Coluna Warm Up, por Flavio Gomes: Sato-san

Não deu. Nós, ocidentais, ficaríamos arrasados e emburrados se estivéssemos no seu lugar. E inconformados e ressentidos. Colocaríamos a culpa em alguém. Você, não. Você, primeiro, aplaudiu seu adversário mal cruzou a linha de chegada. Ainda dentro do carro, coisa linda

Vocês, japoneses, são os pilotos mais legais do mundo. Desde lá longe, com Nakajima, sempre foram muito gentis, cordatos e trabalhadores. Nunca se incomodaram com nosso ar superior, com o jeito de tratá-los como se fossem animaizinhos exóticos no zoológico. A fama de barbeiros é injustificável. Coisa de ocidentais que, no fundo, morrem de inveja de sua força interior.

Inveja talvez não seja a palavra. Espanto. É isso. A gente fica espantado com vocês. O tempo todo. Gozado que na F-1 sempre os tratamos com desdém como pilotos, mas com verdadeira reverência quando o assunto era outro. Motores, por exemplo. Osamu Goto, lembra? Era um semideus na Honda. Senna foi um dos primeiros a devotar a vocês esse respeito que, na maioria das vezes, não temos. Somos ridículos, os ocidentais.

Tenho alguns bons amigos no Japão, a maioria brasileiros. Brasileiros-japoneses. Nisseis, sanseis, nunca sei direito. Amigos dos tempos em que ir a Suzuka todos os anos era um martírio, pelas horas de voo e pelo fuso horário (eu, na verdade, nunca me incomodei tanto; agora, que é duro ir para o Japão, isso é…). Mas era uma viagem que se transformava na melhor de todas assim que avistávamos a turma nos esperando com suas vans no aeroporto de Nagoia. Amáveis, solícitos, parceiros, amigos de verdade e para sempre. Fora o público no autódromo. Não há nada igual no mundo. No universo.

Honda, Toyota, Yamaha, Bridgestone, Mugen, Suzuka, Fuji… Como imaginar a F-1 sem esses nomes? Vocês são demais.

Quando ninguém saiu em socorro da Super Aguri em 2008 achei que a F-1 tinha chegado ao fundo do poço. Um crime, uma demonstração de falta de sensibilidade de todos, uma maldade. Em compensação, testemunhei em Interlagos, acho que em 2006, uma das cenas mais emocionantes de todas que o esporte pode proporcionar. Daquelas que ninguém vê, que não sai nos jornais, que não vai parar nas redes sociais. Não havia redes sociais em 2006, acho. Ainda bem.
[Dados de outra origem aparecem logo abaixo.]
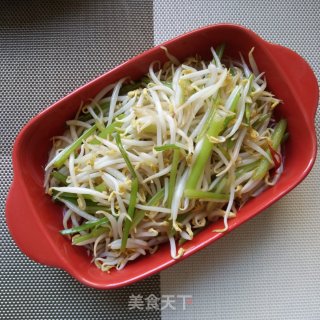 西芹炒笨豆芽的做法步骤：9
O mundo era melhor.

A cena: mecânicos de várias equipes, já de noite, enquanto as coisas eram empacotadas e a temporada chegava ao fim, foram aos boxes do seu time para abrir uma garrafa de champanhe e brindar com os bravos combatentes superagurianos. Um sinal de reconhecimento de todos pelo esforço, pelo empenho, pelo comprometimento. Verdadeiros samurais. Vocês eram bem melhores que essas equipes novas que surgiram depois. Lembra daquele sexto lugar no Canadá em 2007? Pois é, eu lembro.

Bem, o fato é que você foi acabar nos Estados Unidos. E levou para lá a mesma alegria e dedicação de sempre. Outro dia aí ganhou uma corrida em Long Beach. Vibrei.

E ia ganhar domingo passado em São Paulo. Perdeu na última curva depois de uma batalha sangrenta nas voltas derradeiras que me fizeram assistir àquilo tudo de pé na TV, gritando e cerrando os pulsos a cada tentativa frustrada de te passarem. Vai, Taku, segura mais essa, japa dos infernos!

Não deu. Nós, ocidentais, ficaríamos arrasados e emburrados se estivéssemos no seu lugar. E inconformados e ressentidos. Colocaríamos a culpa em alguém. Você, não. Você, primeiro, aplaudiu seu adversário mal cruzou a linha de chegada. Ainda dentro do carro, coisa linda. E foi com um largo sorriso que saiu do cockpit, foi com enorme sinceridade que abraçou o vencedor, foi com autêntica felicidade que recebeu seu troféu.

Vocês são diferentes, com seus olhinhos puxados e sua maneira de viver. Talvez a gente nunca entenda. Eu mesmo, que me acho um sabichão, não entendo muita coisa de vocês.

Mas respeito tudo, cada gesto, cada decisão.